▶ **DATA SECTION**:
☆ ☆ ☆ ☆
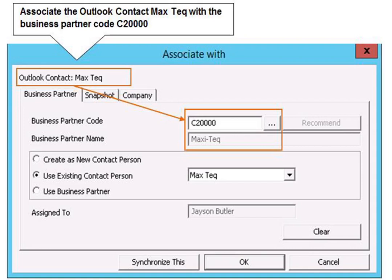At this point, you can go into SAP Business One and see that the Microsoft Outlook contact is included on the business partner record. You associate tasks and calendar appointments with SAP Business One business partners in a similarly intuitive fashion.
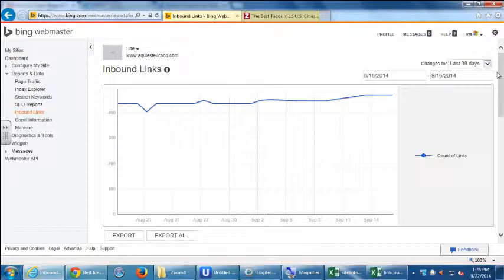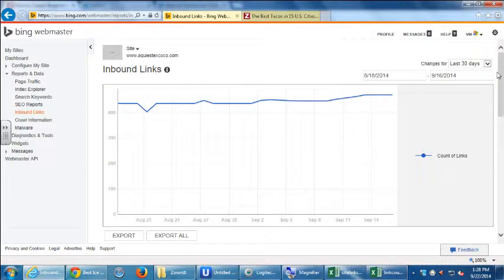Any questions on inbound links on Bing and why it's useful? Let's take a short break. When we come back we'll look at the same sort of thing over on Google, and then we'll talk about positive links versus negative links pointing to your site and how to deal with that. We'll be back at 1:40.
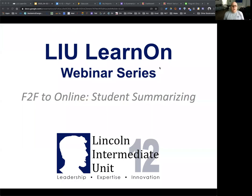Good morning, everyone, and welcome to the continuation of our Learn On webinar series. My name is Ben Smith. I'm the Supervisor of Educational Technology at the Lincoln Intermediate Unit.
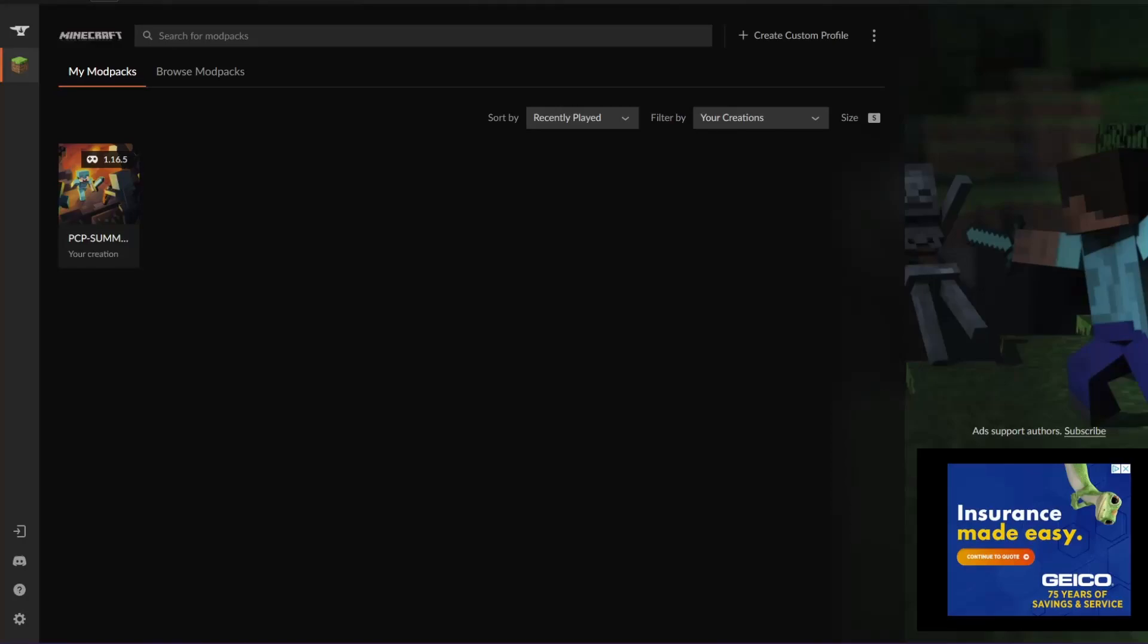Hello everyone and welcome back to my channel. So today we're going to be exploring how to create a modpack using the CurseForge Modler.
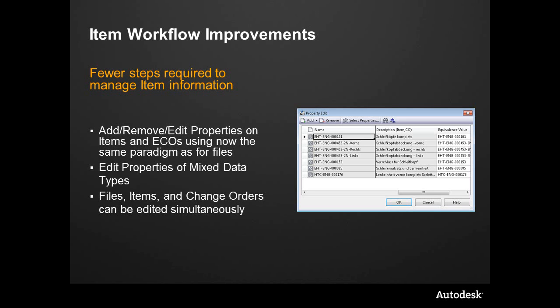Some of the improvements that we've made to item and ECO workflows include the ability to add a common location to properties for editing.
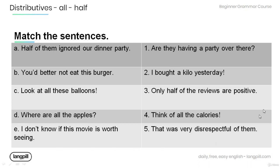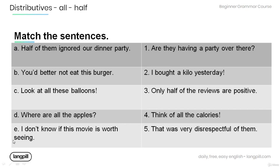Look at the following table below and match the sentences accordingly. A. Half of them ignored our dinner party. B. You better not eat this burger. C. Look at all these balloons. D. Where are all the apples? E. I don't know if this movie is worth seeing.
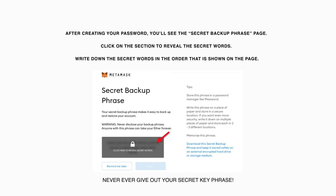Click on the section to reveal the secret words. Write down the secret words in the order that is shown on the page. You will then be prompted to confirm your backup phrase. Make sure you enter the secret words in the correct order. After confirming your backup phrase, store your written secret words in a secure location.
☆ ☆ ☆ ☆
▶ **WORK INSTRUCTION**: Each record should be quoted exactly, with the images omitted.

▶ **EXERCISE RESPONSE**:
At this point, you can go into SAP Business One and see that the Microsoft Outlook contact is included on the business partner record. You associate tasks and calendar appointments with SAP Business One business partners in a similarly intuitive fashion.
Any questions on inbound links on Bing and why it's useful? Let's take a short break. When we come back we'll look at the same sort of thing over on Google, and then we'll talk about positive links versus negative links pointing to your site and how to deal with that. We'll be back at 1:40.
Good morning, everyone, and welcome to the continuation of our Learn On webinar series. My name is Ben Smith. I'm the Supervisor of Educational Technology at the Lincoln Intermediate Unit.
Hello everyone and welcome back to my channel. So today we're going to be exploring how to create a modpack using the CurseForge Modler.
Some of the improvements that we've made to item and ECO workflows include the ability to add a common location to properties for editing.
Look at the following table below and match the sentences accordingly. A. Half of them ignored our dinner party. B. You better not eat this burger. C. Look at all these balloons. D. Where are all the apples? E. I don't know if this movie is worth seeing.
Click on the section to reveal the secret words. Write down the secret words in the order that is shown on the page. You will then be prompted to confirm your backup phrase. Make sure you enter the secret words in the correct order. After confirming your backup phrase, store your written secret words in a secure location.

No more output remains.